▸ Excerpted data:
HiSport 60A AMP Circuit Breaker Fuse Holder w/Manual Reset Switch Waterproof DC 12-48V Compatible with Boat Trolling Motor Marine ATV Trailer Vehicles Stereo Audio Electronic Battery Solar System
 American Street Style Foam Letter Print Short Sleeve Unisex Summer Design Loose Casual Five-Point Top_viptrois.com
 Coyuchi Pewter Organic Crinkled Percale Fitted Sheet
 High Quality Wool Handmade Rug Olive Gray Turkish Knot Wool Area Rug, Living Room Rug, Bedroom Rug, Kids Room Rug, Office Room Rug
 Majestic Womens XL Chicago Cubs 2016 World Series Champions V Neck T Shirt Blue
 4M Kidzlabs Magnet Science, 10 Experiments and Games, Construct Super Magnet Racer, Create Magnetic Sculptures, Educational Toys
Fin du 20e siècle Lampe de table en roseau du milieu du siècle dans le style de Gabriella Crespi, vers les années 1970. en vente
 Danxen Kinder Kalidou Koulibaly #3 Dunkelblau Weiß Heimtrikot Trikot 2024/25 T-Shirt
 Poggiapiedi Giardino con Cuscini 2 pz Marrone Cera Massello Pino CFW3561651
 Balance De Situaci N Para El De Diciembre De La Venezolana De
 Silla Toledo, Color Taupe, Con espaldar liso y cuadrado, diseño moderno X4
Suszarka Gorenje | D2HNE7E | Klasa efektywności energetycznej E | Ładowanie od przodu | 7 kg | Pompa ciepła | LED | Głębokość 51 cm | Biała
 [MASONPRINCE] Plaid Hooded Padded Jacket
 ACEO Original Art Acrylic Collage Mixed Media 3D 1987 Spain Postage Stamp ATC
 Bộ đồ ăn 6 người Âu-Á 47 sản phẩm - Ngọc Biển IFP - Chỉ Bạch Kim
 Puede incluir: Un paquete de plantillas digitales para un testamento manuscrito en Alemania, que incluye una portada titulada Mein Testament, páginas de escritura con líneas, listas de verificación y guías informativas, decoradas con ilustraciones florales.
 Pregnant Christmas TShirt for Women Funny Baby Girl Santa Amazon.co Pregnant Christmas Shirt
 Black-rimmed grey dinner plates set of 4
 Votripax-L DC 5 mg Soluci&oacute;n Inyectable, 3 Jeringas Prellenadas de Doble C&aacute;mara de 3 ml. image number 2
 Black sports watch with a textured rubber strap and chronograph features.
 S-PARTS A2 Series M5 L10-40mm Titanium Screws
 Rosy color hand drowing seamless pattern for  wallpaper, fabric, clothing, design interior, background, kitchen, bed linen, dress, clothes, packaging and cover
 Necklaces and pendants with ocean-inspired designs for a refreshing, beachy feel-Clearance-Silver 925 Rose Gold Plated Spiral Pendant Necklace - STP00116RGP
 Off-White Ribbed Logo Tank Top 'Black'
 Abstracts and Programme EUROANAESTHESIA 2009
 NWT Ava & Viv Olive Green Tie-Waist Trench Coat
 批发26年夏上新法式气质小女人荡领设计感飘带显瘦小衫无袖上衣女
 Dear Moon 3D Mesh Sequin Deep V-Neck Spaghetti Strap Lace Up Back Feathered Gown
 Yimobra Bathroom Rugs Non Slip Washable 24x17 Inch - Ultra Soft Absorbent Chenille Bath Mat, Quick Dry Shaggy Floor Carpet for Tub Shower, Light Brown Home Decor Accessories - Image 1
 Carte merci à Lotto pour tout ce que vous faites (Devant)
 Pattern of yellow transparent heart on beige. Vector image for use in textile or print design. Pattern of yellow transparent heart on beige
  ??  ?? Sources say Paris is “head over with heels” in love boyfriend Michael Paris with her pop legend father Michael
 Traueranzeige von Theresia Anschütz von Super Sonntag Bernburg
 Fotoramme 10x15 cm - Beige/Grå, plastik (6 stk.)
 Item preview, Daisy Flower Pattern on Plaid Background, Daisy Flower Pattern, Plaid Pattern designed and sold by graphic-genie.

▸ Task directions: Among the lines of the data, identify those with the word "Shirt". Copy each of them.

▸ Result for this task:
 Majestic Womens XL Chicago Cubs 2016 World Series Champions V Neck T Shirt Blue
 Danxen Kinder Kalidou Koulibaly #3 Dunkelblau Weiß Heimtrikot Trikot 2024/25 T-Shirt
 Pregnant Christmas TShirt for Women Funny Baby Girl Santa Amazon.co Pregnant Christmas Shirt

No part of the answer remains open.